La operación Guaidó traduce la incomprensión tanto de las élites mantuanas como de los estrategas norteamericanos de la cultura política venezolana, de hegemonía anti-imperialista y, como consecuencia soberanista, desde los momentos constitutivos de la república hace más de 200 años.
Evidentemente la opción predilecta por los venezolanos pasa por ser considerados en las decisiones sobre el destino del país a través de elecciones. Las tácticas inmediatistas que buscan sacar a Maduro por fuerza o desgaste, lejos de convencer, retraen o desmovilizan a descontentos e indecisos, y cohesionan a los chavistas de mayor conciencia política. Los norteamericanos no la tienen fácil, los chavistas están dispuestos a todo por defender su soberanía, la dignidad de sus decisiones políticas.
Pasaron casi dos décadas. Los rápidos movimientos de Hugo Chávez por construir alianzas con las potencias emergentes hoy sirven de resorte económico y geopolítico de Maduro. Las inversiones chinas y rusas son amplísimas y la relevancia política de Venezuela en la región no serán cedidas tan fácilmente. Tal déjá vu, Venezuela recrea un conflicto con tufo a Guerra Fría. Y aunque la mayoría sigue expectante de los movimientos de sus élites internas, así como de las potencias que se disputan el liderazgo global, no transan: lo que pase en Venezuela deberá pasar por las urnas.
El chavismo con o sin Maduro sigue siendo sentido común en la política venezolana, el horizonte de país se sigue cifrando en los códigos que Chávez legó: justicia social, soberanía sobre recursos estratégicos, equidad económica y democracia radical. Por esta razón, mientras que la élite que dirige al Estado se separe de estos principios, así sea por motivos coyunturales, estará cavando la tumba de su legitimidad.
La privatización de empresas nacionalizadas por Chávez, el beneficio a cierta clase empresarial de relaciones estrechas con algunos actores gubernamentales, el control absolutamente discrecional de la renta petrolera, la imposibilidad de levantar la producción petrolera, la excepcionalidad en el funcionamiento de los poderes públicos, el debilitamiento del bolívar como moneda nacional y la demora en la construcción de una ruta política que involucre a la población en la resolución del conflicto político, constituyen los riesgos más altos a los que se somete la élite dirigente del chavismo durante estos meses. Esta ruta de sostenimiento de la gobernabilidad puede resultar muy costosa, si es que se aspira resistir hasta 2020 antes de abrir las puertas a un proceso electoral.

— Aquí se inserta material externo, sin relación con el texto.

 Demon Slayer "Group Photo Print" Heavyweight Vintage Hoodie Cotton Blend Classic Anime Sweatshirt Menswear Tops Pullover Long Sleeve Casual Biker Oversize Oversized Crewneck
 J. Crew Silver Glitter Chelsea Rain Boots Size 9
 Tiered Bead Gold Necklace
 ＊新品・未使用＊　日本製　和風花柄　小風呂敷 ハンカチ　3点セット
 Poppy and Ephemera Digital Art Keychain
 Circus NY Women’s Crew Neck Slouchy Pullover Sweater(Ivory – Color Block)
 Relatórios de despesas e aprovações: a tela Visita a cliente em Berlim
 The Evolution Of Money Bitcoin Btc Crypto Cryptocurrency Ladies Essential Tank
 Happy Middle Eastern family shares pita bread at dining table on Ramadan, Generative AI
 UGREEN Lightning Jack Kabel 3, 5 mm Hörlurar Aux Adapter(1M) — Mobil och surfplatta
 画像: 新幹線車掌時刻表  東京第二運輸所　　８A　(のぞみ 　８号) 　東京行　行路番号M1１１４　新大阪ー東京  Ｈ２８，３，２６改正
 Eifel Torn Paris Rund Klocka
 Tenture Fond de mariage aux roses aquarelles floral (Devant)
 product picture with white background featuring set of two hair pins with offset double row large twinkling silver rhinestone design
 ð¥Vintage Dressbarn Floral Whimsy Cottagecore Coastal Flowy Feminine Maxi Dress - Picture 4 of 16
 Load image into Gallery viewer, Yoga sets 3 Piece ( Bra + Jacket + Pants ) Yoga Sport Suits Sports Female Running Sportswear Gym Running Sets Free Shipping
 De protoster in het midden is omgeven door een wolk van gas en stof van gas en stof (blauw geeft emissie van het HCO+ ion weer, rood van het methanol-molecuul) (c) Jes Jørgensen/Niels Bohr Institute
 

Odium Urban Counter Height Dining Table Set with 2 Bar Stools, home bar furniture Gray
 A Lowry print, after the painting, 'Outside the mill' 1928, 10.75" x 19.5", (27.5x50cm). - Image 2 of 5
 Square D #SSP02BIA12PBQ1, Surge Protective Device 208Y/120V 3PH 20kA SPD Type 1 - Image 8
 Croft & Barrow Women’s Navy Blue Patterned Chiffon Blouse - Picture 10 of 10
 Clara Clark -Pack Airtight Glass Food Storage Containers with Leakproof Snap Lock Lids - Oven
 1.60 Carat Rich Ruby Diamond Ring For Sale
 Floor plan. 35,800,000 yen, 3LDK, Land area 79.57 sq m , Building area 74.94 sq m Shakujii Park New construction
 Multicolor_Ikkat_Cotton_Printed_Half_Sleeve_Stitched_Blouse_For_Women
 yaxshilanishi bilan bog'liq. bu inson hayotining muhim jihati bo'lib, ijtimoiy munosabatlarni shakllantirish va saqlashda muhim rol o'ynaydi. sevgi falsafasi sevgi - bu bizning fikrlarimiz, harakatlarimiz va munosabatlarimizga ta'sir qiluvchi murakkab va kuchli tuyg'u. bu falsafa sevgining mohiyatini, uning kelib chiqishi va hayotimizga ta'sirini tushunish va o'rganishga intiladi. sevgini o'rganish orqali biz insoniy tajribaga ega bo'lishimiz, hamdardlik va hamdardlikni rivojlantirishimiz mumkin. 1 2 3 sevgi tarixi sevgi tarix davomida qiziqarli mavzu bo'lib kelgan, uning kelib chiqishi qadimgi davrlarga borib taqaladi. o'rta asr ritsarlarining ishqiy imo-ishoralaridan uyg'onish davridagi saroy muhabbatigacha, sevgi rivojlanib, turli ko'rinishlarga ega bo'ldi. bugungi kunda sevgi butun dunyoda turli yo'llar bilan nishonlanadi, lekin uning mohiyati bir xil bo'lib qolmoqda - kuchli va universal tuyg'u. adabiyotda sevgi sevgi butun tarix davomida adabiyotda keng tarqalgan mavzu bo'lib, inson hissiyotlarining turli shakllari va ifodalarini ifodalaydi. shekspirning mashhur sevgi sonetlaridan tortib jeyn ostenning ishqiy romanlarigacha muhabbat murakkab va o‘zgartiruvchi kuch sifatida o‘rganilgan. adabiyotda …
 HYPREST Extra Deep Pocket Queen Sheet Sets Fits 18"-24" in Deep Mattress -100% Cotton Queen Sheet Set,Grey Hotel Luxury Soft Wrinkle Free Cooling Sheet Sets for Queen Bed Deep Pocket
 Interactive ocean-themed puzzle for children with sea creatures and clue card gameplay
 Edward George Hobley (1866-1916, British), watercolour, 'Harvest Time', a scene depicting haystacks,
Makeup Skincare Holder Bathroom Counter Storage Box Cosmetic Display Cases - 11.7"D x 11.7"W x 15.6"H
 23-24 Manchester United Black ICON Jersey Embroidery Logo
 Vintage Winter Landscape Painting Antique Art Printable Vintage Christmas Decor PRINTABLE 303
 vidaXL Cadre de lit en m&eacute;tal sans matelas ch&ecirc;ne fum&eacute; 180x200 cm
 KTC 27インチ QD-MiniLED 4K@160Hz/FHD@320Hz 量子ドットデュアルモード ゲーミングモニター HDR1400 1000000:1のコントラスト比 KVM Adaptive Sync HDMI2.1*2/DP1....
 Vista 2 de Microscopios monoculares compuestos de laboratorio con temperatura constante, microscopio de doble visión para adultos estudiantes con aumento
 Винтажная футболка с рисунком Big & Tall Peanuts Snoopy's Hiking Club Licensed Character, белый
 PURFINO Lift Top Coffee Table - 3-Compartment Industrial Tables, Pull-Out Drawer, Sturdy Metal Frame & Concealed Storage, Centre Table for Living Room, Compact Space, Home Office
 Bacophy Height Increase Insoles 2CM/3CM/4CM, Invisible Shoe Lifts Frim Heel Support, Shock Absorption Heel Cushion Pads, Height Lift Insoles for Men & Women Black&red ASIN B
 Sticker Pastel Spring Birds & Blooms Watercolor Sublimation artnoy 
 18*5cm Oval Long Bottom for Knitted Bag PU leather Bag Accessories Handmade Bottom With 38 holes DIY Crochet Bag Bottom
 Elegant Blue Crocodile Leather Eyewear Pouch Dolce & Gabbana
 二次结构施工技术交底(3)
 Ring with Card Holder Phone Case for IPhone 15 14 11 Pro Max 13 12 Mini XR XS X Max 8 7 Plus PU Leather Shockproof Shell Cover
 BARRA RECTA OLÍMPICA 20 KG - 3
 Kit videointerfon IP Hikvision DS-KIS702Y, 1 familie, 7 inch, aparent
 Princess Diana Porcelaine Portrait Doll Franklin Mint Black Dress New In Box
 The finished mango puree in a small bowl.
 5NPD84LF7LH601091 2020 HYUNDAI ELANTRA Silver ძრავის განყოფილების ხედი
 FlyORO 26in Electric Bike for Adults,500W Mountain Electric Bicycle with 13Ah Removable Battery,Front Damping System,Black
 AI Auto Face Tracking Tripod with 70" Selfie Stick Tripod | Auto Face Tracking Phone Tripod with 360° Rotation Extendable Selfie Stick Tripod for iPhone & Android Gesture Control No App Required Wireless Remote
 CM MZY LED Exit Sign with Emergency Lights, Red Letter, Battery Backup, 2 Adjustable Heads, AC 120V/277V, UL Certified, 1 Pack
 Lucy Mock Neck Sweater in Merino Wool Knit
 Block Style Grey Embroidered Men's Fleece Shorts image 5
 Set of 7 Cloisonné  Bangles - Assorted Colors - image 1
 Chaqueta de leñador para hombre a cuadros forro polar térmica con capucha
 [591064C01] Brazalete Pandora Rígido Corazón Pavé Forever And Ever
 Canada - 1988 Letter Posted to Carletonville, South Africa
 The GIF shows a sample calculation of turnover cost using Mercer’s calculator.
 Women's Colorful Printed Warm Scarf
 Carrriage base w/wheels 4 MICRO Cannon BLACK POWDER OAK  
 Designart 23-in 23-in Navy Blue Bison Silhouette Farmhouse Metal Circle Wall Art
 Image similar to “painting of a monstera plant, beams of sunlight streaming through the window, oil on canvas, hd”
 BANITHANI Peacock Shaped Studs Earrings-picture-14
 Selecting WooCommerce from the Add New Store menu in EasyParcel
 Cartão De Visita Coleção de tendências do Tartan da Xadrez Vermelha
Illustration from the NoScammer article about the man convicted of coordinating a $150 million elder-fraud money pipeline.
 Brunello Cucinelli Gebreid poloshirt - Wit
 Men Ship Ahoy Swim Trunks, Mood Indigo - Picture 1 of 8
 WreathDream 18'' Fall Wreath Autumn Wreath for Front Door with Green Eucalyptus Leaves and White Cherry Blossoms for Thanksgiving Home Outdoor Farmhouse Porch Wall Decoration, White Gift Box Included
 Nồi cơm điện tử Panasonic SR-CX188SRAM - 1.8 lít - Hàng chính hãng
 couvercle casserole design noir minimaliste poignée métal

En este escenario, la amenaza explícita de intervención extranjera y la escalada del bloqueo económico norteamericano es lo mejor que le puede suceder a esta élite dirigente. Contar con un enemigo externo, visible y en permanentemente movimiento, a lo interno no se hace sino verticalizar la toma de decisiones bajo un esquema defensivo y de resistencia. Después de todo, en una guerra no se espera que se consulten las decisiones, no se espera que sea transparente el uso de los recursos, no se espera que los servicios funcionen, no se espera que la economía camine. Hoy como nunca antes han sido tan complementarias las estrategias ofensivas del imperio norteamericano con las estrategias defensivas de las élites chavistas. Mientras tanto el pueblo sigue conteniendo una guerra y esperando que sus derechos económicos, sociales y políticos sean la prioridad.